Maestro para muchos, pero conocido solo en un ámbito minoritario, Charles Burns es un autor anómalo. Un expatriado del paisaje comiquero más mainstream. De su recorrido artístico y biográfico hay algunos datos que despuntan. Por ejemplo, que estudió arte junto a Matt Groening y en él se inspiró el creador de Los Simpson para construir a su legendario personaje Montgomery Burns; que en 1990 ilustró la tapa del disco de Iggy Pop Brick by Brick; que nunca fue un autor de “super ventas”, sino una celebridad de nicho. Esa categoría de “autor de culto” que muchas veces confina a los artistas a una relativa invisibilidad.
Se suele describir al estilo de Burns con distintas etiquetas: alternativo, independiente, under. Pero si decimos underground, que no preste a confusión. No hay en su modo de dibujar una apuesta por la mancha, la desprolijidad voluntaria o la línea sucia. Es un dibujante obsesivo que tiene trazos distintivos e inconfundibles con un característico uso de los plenos (blancos o negros) que deja excluidos los grises, con una meticulosidad para cargar de detalles y sombras personajes y entornos.

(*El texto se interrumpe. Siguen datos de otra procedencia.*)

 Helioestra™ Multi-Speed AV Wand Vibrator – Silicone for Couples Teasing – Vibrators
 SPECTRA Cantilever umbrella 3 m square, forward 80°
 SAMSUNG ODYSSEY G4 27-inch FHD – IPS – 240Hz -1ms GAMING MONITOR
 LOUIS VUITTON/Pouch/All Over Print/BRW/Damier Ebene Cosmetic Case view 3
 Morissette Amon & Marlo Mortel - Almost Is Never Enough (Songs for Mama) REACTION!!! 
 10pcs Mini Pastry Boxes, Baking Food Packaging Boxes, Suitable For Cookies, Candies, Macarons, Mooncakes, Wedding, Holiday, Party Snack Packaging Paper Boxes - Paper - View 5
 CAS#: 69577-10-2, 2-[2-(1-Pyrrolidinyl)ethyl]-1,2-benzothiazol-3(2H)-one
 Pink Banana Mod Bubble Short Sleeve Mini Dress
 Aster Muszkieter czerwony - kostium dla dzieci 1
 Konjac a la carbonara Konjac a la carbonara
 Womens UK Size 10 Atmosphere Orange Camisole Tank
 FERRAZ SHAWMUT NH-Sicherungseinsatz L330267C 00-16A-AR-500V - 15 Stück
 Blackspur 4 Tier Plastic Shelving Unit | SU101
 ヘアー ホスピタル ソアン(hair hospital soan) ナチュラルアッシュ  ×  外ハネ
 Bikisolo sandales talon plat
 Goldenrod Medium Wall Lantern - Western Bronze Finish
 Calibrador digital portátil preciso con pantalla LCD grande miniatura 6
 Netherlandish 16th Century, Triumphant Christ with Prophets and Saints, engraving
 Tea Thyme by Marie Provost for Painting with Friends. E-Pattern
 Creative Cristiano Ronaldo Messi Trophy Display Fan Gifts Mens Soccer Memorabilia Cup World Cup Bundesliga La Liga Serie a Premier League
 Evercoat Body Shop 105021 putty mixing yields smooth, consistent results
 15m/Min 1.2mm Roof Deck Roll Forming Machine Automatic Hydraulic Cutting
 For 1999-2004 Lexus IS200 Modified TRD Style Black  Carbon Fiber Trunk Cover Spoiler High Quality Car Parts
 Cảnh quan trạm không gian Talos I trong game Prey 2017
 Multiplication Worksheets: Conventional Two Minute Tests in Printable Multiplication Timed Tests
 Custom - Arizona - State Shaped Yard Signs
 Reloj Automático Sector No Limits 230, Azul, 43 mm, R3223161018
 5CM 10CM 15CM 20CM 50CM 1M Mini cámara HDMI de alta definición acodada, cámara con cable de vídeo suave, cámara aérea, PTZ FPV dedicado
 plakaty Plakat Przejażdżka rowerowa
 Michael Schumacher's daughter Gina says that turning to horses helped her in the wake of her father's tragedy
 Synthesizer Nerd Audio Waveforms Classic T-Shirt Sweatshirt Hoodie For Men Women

La predilección de Charles Burns es contar historias marcadas por el frenesí, la monstruosidad, la locura. Un hacedor de relatos siniestros y desconcertantes. En sus obras la realidad siempre termina por trastocarse, la supuesta transparencia o naturalismo con que se narran las relaciones humanas ceden ante alguna dimensión inquietante que interrumpe nuestra previsibilidad. Pero aclaremos que no estamos hablando de obras de terror, al menos no desde la concepción clásica del género. Sus protagonistas, que arrastran con frecuencia alguna anomalía física, no son aquellos a los que debemos temer. En sus libros, lo monstruoso se expresa en el ser humano en su más pura cotidianidad, en la “normalidad” más aparente y cercana. En definitiva, las tres historietas que recomendamos acá abajo construyen una radiografía sobre cómo la sociedad expulsa violentamente a lo diferente, sobre cómo margina lo distinto.
El Borbah (1982 -1988)
El Borbah comenzó a publicarse en la legendaria revista Raw que capitaneaba Ars Spiegelman. Sigue a un personaje grotesco vestido de calza y máscara -como si fuese un luchador de lucha libre- que trabaja como detective. Tiene una capacidad innata para encontrar casos muy extraños y meterse en embrollos bizarros. Por supuesto que su labor como investigador privado no responde a los estereotipos tradicionales: es un personaje perdido que coquetea con el lumpenaje y cuya única ingesta se deben a la cerveza y los tacos mexicanos.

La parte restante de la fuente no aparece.